Greek drama is designed to make audiences think and feel, and while I'm not sure I did much of either at the Saturday-night performances in Rock Island's Lincoln Park, I sure did grin a lot.
Regardless of style or genre, entertaining theatre has a way of putting audiences in great moods - I've personally smiled through well-staged productions of such varied, inherently tragic shows as Death of a Salesman and A Streetcar Named Desire and Hedda Gabler. And despite their seriousness, Genesius Guild's Seven Against Thebes and Antigone were a terrific time; the shows may not have had the knockabout power you hope for from Greek drama, but they certainly were enjoyable.
The enjoyment began - as these evenings in Lincoln Park most often do - with a greeting by Guild founder Don Wooten, a marvelously engaging speaker, who gave a brief history (and plot summary) of the Aeschylus and Sophocles works, promoted upcoming Genesius productions, and wrapped up with a delightfully self-deprecating, "Well, that's enough lecturing from me." (Note to Wooten, who will be retiring this year after 50 seasons with the Guild: It's never enough "lecturing" - we would happily listen to you expound on theatre and Genesius all night.)
After Wooten came the traditional opening procession by the shows' casts, which gave us a preview of Ellen Dixon's nifty costumes and the evening's stylistic coup de grace - the imposing, gorgeously-rendered masks (designed by the Reverend George Wuellner) worn by the principal actors in both Thebes and Antigone. Tall and narrow, with detailed features that made them resemble oversize Tiki heads, the masks were a clever touch, and added a completely unexpected perk to both productions.
Because, quite frankly, the use of masks was a risk. Deprived of their features, actors must work extra hard - especially in Greek drama - to get the meaning of their lines across, and when a stationary performer is giving a lengthy speech from behind a mask, and there's no other movement on stage to distract you, tedium often sets in - you can easily find yourself being lulled by the vocal rhythms without gleaning what the actors are talking about. (Wooten, who co-directed the night's productions with Peggy Hanske, warned the audience that the 40-minute Thebes was a "fairly static" play, and despite the intelligence behind the show's compositions, he wasn't kidding.)

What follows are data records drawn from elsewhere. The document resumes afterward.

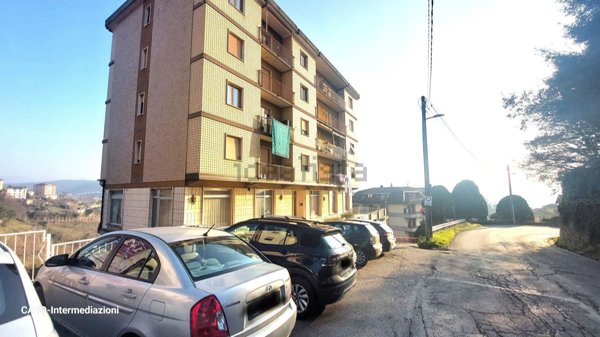 appartamento in vendita a Tagliolo Monferrato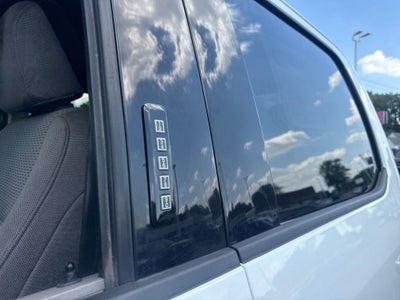 2022 Ford F-350SD XLT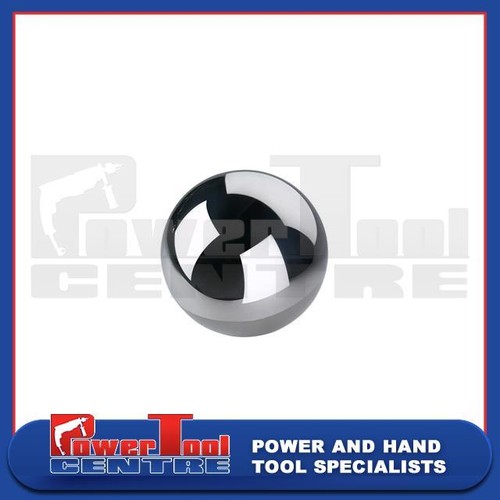 Makita 5mm steel ball - steel,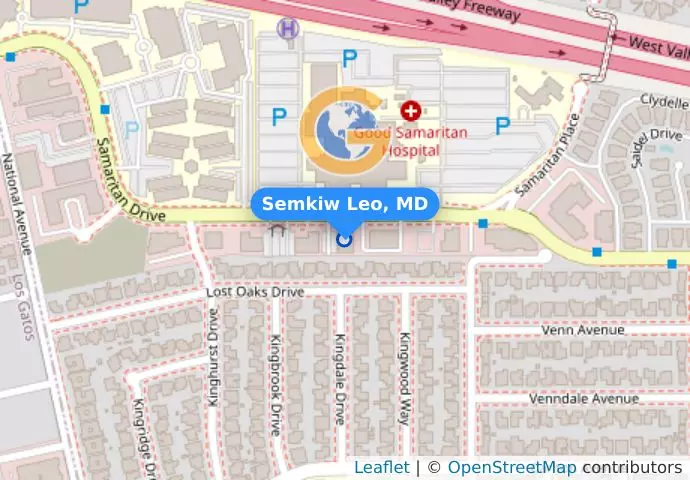 Semkiw Leo, MD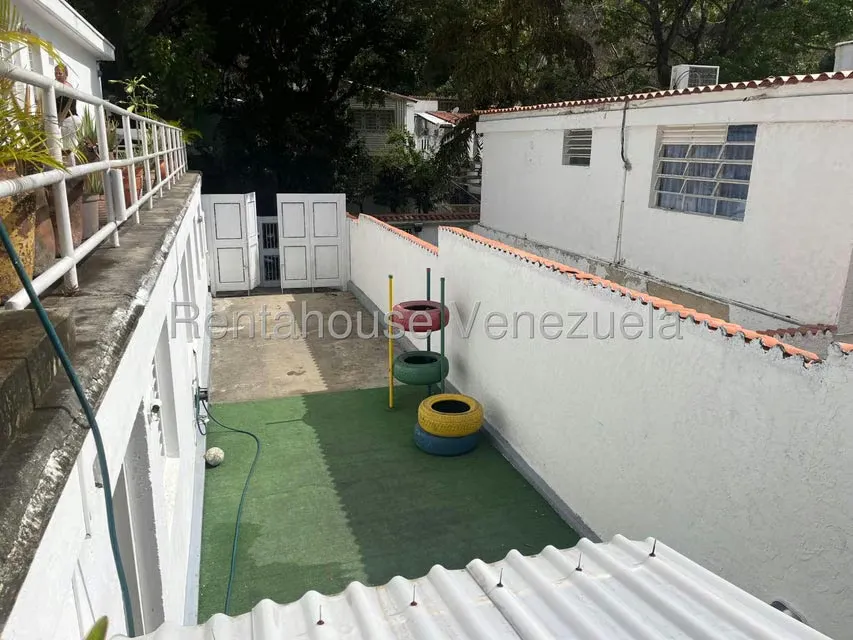 Casa (Duplex) en Venta en Chuao, Distrito Metropolitano - 7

Yet there were benefits to the masks' employment, too, as the Genesius Guild actors did appear to work extra hard; their interpretations and projection were most often topnotch - no more than a few lines were lost - and some came through with truly inspired work. For instance, I've seen Bob Hanske and Bryan Woods in several shows over the last year-plus, and have never heard them so vocally assured as they were here as the Messenger and Creon, respectively, and Michael Callahan - who, it seems, is never less than wonderful - was in fantastic form as the blind prophet Tiresias. Rae Mary's Antigone and Chris Hicks' Ismene were emotionally strong, and as Antigone's Sentry, Jonathan Gregoire's modernistic readings gave the production exactly the light, comic touch it needed. (Gregoire managed a nearly impossible feat - two Lincoln Park raccoons, bathing in the downstage moat, threatened to scamper away with the audience's attention until Gregoire's surprising vocal playfulness reminded them where the real show was taking place. Take that, raccoons!)
Meanwhile, the faces that were seen in the shows were animated and expressive. The 11 females who composed Thebes' Greek chorus seemed to be truly feeling their lamentations and were endlessly watchable; their speaking-in-unison lines were particularly sharp, and their gentle heartbreak registered without overt histrionics. I was never less than pleased to see them.
Seven Against Thebes and Antigone could have benefited from being more forceful. But the sincerity of the works kept me in a great mood throughout the evening, and, on a sheerly personal level, I even stayed in a great mood afterwards. I caught Genesius Guild's season opener, The Mikado, on that wicked-cold Saturday night in June, and at their performance of The Tempest two weeks later, our audience spent the last 20 minutes being lightly rained on. After this Saturday's production ended, however, there was no chill, no precipitation, and I drove home with the window rolled down and a warm summer breeze on my face. Smiling.